Exercise directions: Every line from the one containing "Glowing vintage light" to the last line of the listing below should be given again exactly.

----- Stored data -----

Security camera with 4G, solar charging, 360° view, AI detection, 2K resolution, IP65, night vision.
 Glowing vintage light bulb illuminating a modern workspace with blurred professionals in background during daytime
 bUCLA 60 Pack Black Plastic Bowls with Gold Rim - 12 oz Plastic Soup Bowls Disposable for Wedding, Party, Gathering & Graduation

-----

Answer to this task:
 Glowing vintage light bulb illuminating a modern workspace with blurred professionals in background during daytime
 bUCLA 60 Pack Black Plastic Bowls with Gold Rim - 12 oz Plastic Soup Bowls Disposable for Wedding, Party, Gathering & Graduation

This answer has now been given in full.